Our first murder occurs (and our first boobs are seen), and it's not as bloody and horrible as this film's reputation would have you believe. The boobs are quite nice though. Turns out that Fried-Chicken-Skin-Face-man – okay, his name is Miguel – has been locked up in a loony bin for some time after this murder, and would therefore be somewhat socially maladjusted. He's been released into his rather pert young sister Manuela's care, rather ill-advisedly by yet another Franco cameo, and therefore the carnage can continue.

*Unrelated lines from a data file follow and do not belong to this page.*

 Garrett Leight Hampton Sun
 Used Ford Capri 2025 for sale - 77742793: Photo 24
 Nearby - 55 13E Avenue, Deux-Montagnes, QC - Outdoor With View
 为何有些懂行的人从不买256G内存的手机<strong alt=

Manuela and Miguel's insane wheelchair-bound aunt Maria dominates their lives – she's the kind of character you see in horror films who you want to see dead from the word go. Mrs Bates for the new decade, basically. And then there's a new teacher at the International School of Languages the family helps to fund, who is rubbish, but manages to throw in a new red herring, alongside Paco, the retarded groundsman. Has Miguel taken up his earlier murderous ways again, or is it someone else from the equally ill-acting cast? That's the question we should be answering.

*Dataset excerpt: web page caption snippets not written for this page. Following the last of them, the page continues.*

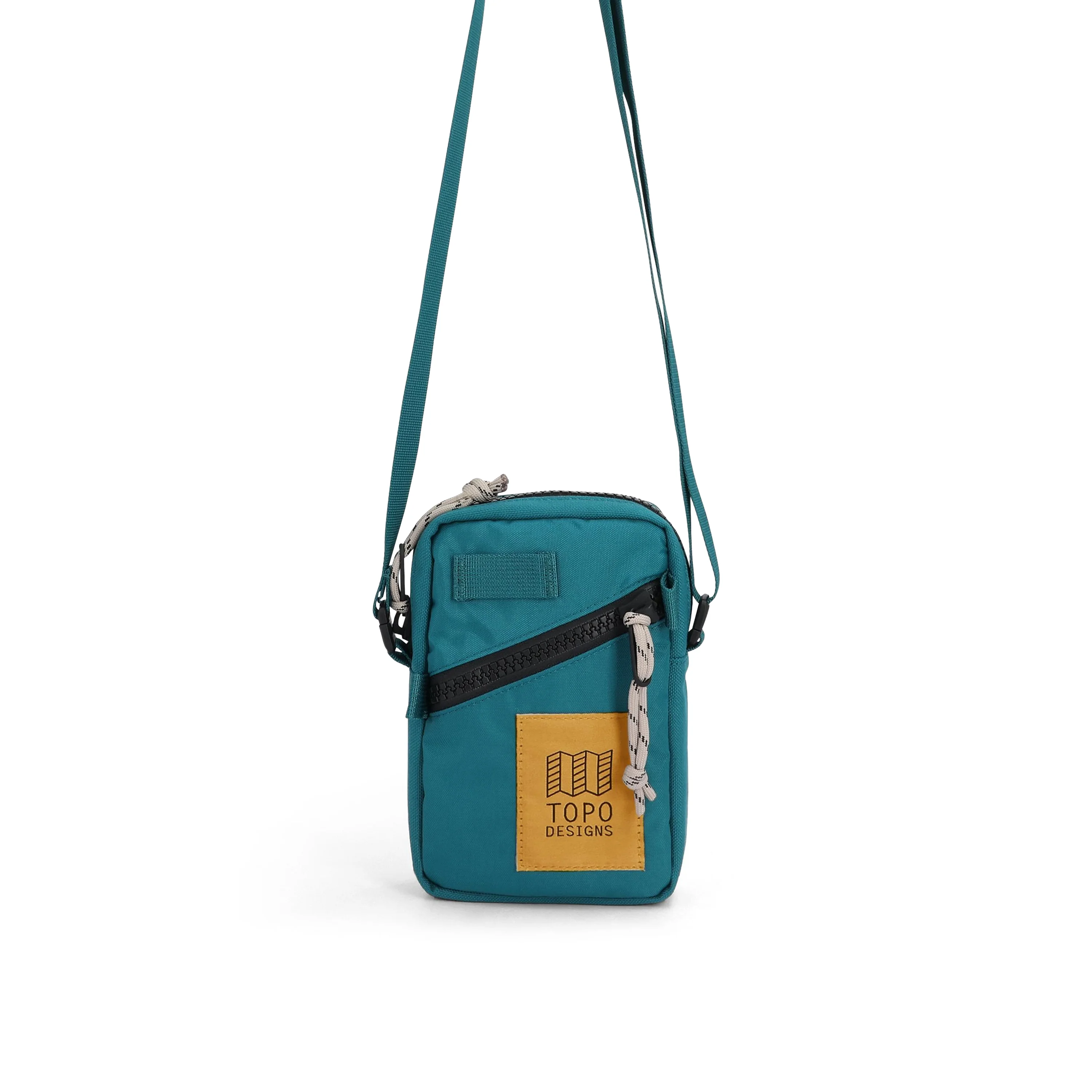 Mini Shoulder Bag - Image 6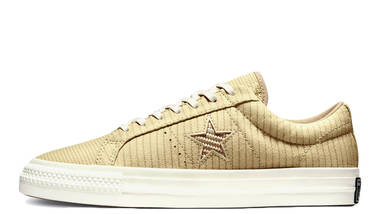 Converse One Star Mellow Mild Monument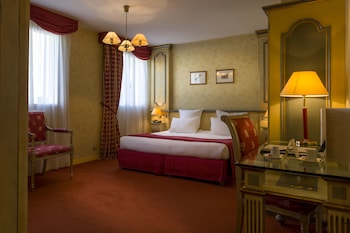 Villa Beaumarchais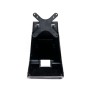 Star Micronics EZ3 POS Supporto POS Nero Acciaio 75 x 75 mm 100 x 100 mm (37954760)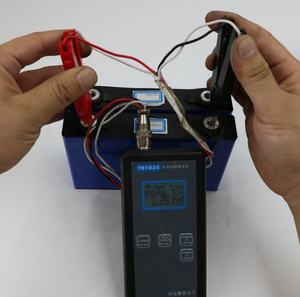 Сделано в Китае завод литий-ионный <span class=keywords><strong>3</strong></span>,<span class=keywords><strong>2</strong></span> V 20Ah lifep04 батарея для питания стены и системы хранения - Product Image 3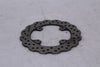 Kawasaki ZX6R Ninja 07-08 Rear Brake Rotor OEM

As with most stalk-and-slash films, the protagonists main concerns seem to be rooting, rooting and more rooting. Oh, and if the opportunity turns up, they're all up for a bit of dirty talk and/or sexual innuendo. Don't these fools realise that this kind of thing will get them killed? Apparently not.

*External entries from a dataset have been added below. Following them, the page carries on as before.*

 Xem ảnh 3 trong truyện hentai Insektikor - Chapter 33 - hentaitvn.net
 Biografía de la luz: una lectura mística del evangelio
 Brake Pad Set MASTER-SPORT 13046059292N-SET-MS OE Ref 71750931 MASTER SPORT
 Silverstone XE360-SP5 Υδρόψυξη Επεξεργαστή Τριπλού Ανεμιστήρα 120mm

Turns out that Miguel and Manuela are a little closer than the average brother and sister – that's right, folks, incest – a game the whole family can play. Aunt Maria's hostility towards Manuela suddenly seems a little more understandable, although her condemnation of Manuela in favour of Miguel is a little ridiculous; after all, it takes too to tango – ol' fried chicken skin face can't be entirely without blame. Manuela won't fuck Miguel anymore, despite the fact he now has five years worth of blue balls to work out of his system, and also despite the fact that she kinda sorta seems to want to fuck him. Is she simply being a cock-tease? Could be. This, of course may lead to sundry folks being slain.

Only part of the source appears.